I agree that it is generally a "best practice" for a court to issue an order to show cause before it bars a pro se litigant from further pro se filings. Where I part company with the majority, however, is I believe more harm than good will result from reducing this best practice to a mechanical, rigid rule in civil cases. First, in many cases like this case, the majority's new bright-line rule elevates form over substance and accomplishes little more than "judicial wheel-spinning at its finest." Kates v. Lifter, 84 So. 3d 1093, 1094 (Fla. 3d DCA 2012) (Schwartz, J. concurring).

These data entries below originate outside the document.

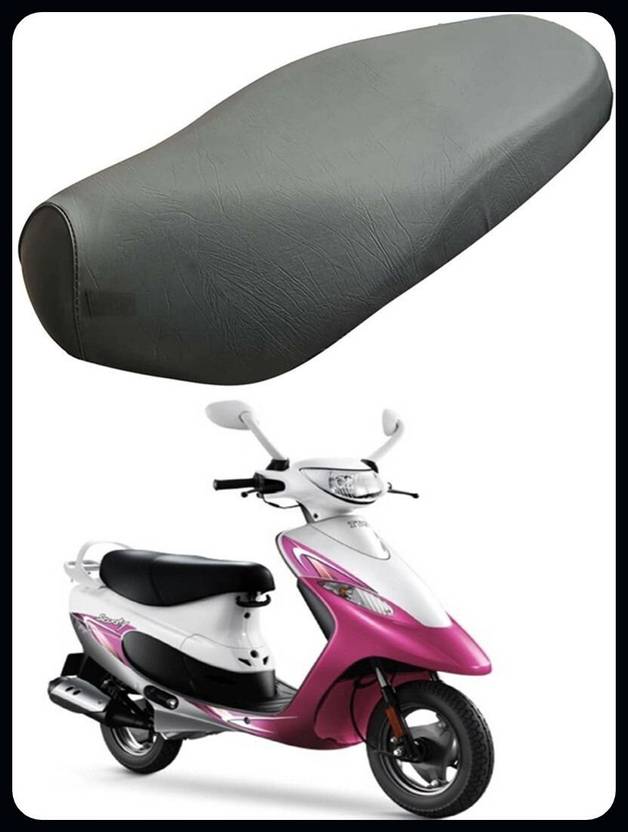 anmol enterprises RN_BIKE/SCOOTY/SINGLE SEAT COVER-SD0021-new Single Bike Seat Cover For TVS Pep Plus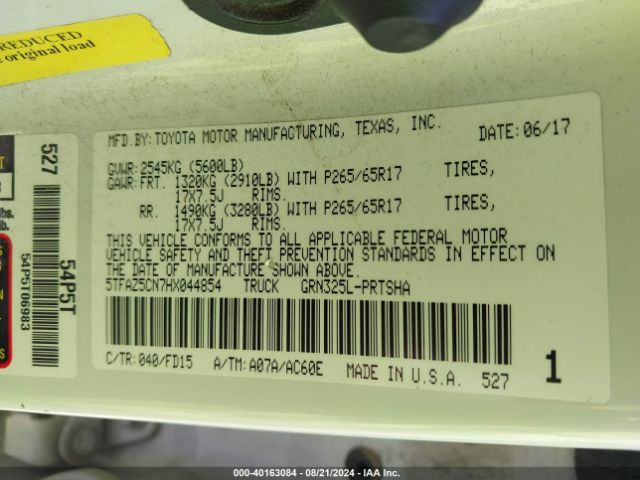 5TFAZ5CN7HX044854 Toyota Tacoma Trd Sport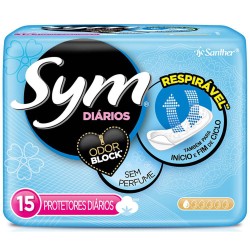 PROTETOR DIARIO SYM S/PERF 15UNID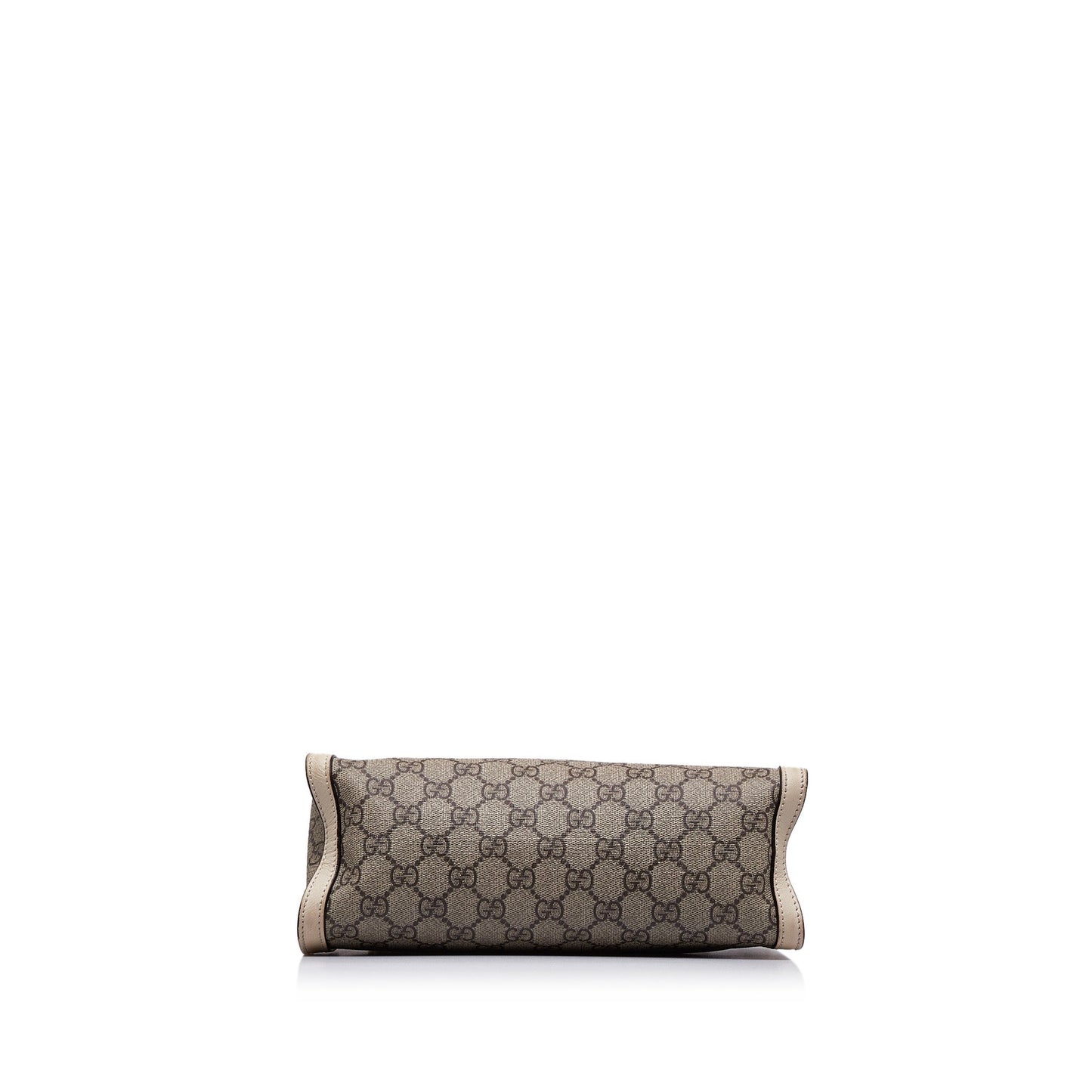 Gucci GG Supreme Brown Leather Chain Tote Style 1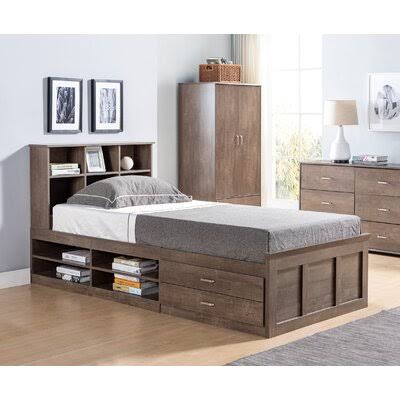 Twin Size Bookcase Headboard W554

More fundamentally, the federal and Florida Constitutions and laws afford trial judges much greater levels of discretion than appellate courts for good reason. A trial judge's discretion is necessary to the proper administration of justice where an inflexible rule cannot be fashioned to meet the needs of the endless variations of factual circumstances that arise. In these circumstances, more justice will come from a trial judge's measured exercise of her discretion than the rote imposition of a mechanical rule that fails to account for the individual, varying conditions of litigants. While appellate courts are responsible to oversee the trial courts' exercise of their discretion for abuse, appellate courts also have a paramount duty to protect, defend, and preserve the discretion of the trial judges. In my view, the majority's new bright line rule constitutes an unwarranted and unnecessary appellate interference with the trial courts' discretion, as the facts of this case show.

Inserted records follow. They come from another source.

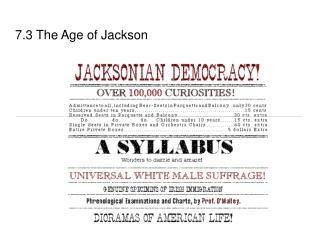 7.3 The Age of Jackson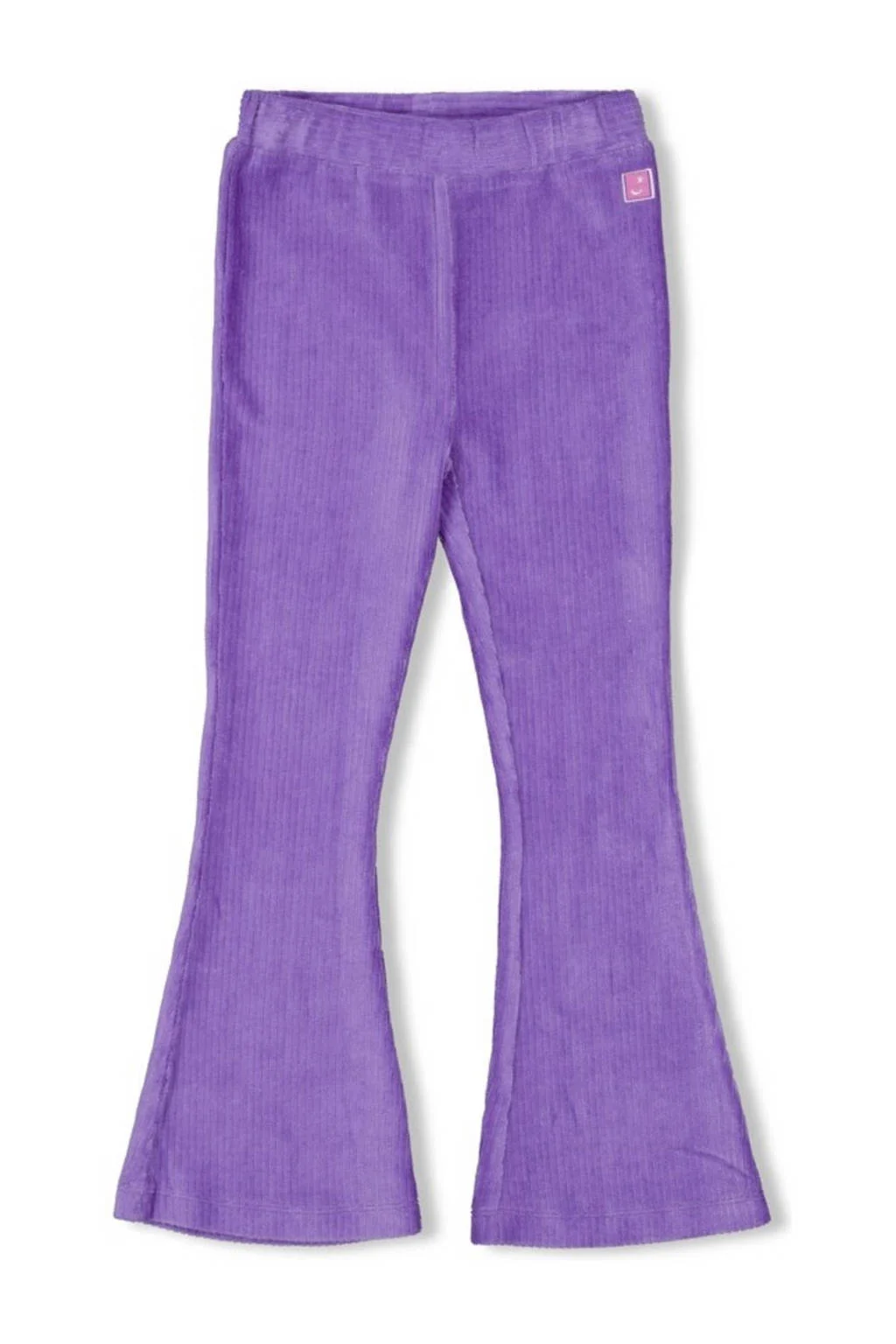 Jubel fluwelen flared broek lila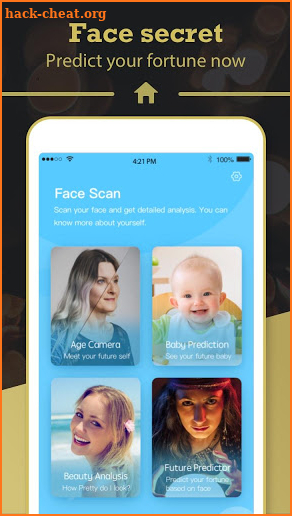 Face Scan - Face Analysis, Predict Baby & Fortune screenshot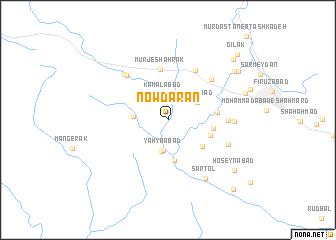 map of Nowdarān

Here, there are five key facts. First, the pro se plaintiff was placed on actual notice that the trial court might bar her from further pro se filings by the written motion of the Appellee, the defendant doctor, who expressly asked for that relief. Second, the trial court gave the pro se plaintiff an actual opportunity to file a response and to be heard in open court by ordering the motion set for hearing. Third, the relief requested by the defendant doctor was clearly warranted given the pro se plaintiff's abuse of the litigation process from start to finish. Fourth, the order was entered – not at an early stage of the case – but a year after the case had already been dismissed with prejudice and closed on grounds of res judicata because of an earlier lawsuit. Finally, the order bars the pro se plaintiff from further filings only in this case.
In these circumstances, the trial court's bar order constitutes a thoughtful and proportionate exercise of discretion that shielded the defendant doctor, the court system, and, frankly, the pro se plaintiff, who would otherwise be at risk of causing more legal harm to herself and incurring other sanctions including monetary ones. To quash this modest order, the majority creates a new universal requirement that the former best practice of issuing orders-to-show cause must be mechanically applied in all civil cases.
In support of its new universal requirement, the majority analogizes pro se civil litigants to pro se prisoners filing post-conviction motions. I do not find this analogy to be well taken. It is certainly true that the Supreme Court requires courts to issue a show cause order before the court bars pro se prisoners in post-conviction cases from filing further repetitive and frivolous petitions. See State v. Spencer, 751 So. 2d 47 (Fla. 1999). The Supreme Court in its wisdom, however, imposed that requirement only in prisoner cases, not in civil cases like the subject case. Id. at 48-49 ("The precise issue before us is whether a trial court must first provide a litigant notice and a reasonable opportunity to respond before prohibiting further pro se attacks on his or her conviction and sentence as a sanction for prior repeated and frivolous motions.").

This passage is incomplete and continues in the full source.